Max Welling

July 7, 2017

Synopsis

In this report I describe which types of weather are most harmful to either people or the economy. It is based on data from the U.S. National Oceanic and Atmospheric Administration’s (NOAA) storm database [47Mb]. This database contains information on both storms as well as other types of weather.
Further documentation on this dataset can be found here:
1. National Weather Service Storm Data Documentation
2. National Climatic Data Center Storm Events FAQ
3. NF429405 - National Weather Service - NOAA

Load (and install if necessary) required libraries

Because we have to handle a compressed bz2 file the package R.util is loaded and installed if not present.
The same goes for package plyr used for sorting our data.

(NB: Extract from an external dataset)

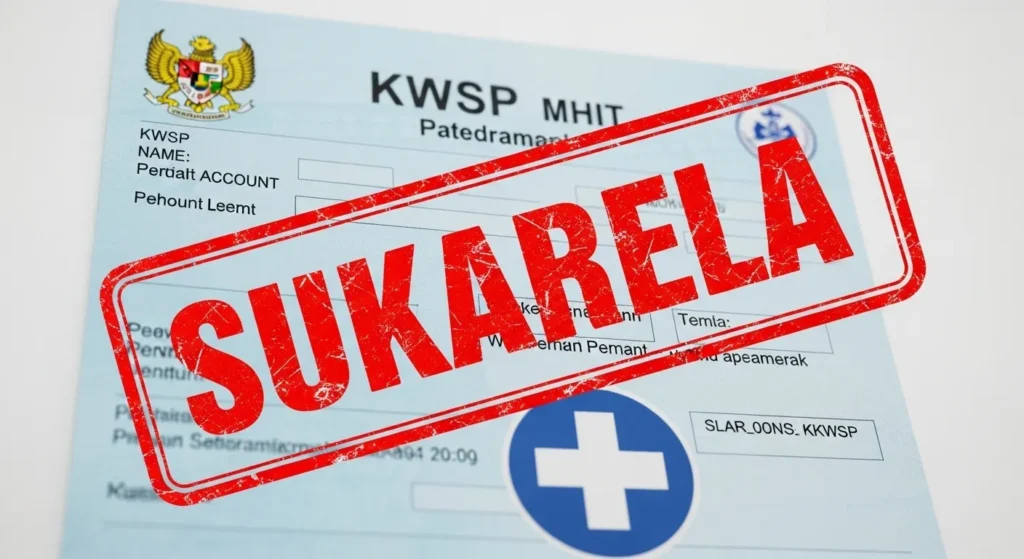 Akaun 2 KWSP Insurans Kesihatan Sukarela Bukan Paksaan 4 Akaun 2 KWSP Insurans Kesihatan 9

suppressWarnings(suppressMessages(require("R.utils")))
suppressWarnings(suppressMessages(require("plyr")))

Get and load the data

If neither files StormData.csv nor StormData.csv.bz2 are present in the working directory then the zipfile is downloaded from the location mentioned above and unzipped to the file StormData.csv.
If the file StormData.csv is not present in the working directory but the zipfile is, then the latter is unzipped.
Finally the file StormData.csv is read into the dataframe stormdata.

if (!file.exists("StormData.csv")) {
    if (!file.exists("StormData.csv.bz2")) {
        download.file("https://d396qusza40orc.cloudfront.net/repdata%2Fdata%2FStormData.csv.bz2",
                      destfile="StormData.csv.bz2")
    }
    bunzip2(filename = "StormData.csv.bz2", dest = "StormData.csv", ext = "bz2")
}
if (!exists("stormdata")) stormdata <- read.csv("StormData.csv")

As I didn’t find much explanation in neither the documentation, the FAQ nor the website regarding the meaning of the attributes in the dataset, I could not but guess which attributes to use. As this is only a practice to show how to conduct reproducible research I think this approach is acceptable. In normal research certainly not.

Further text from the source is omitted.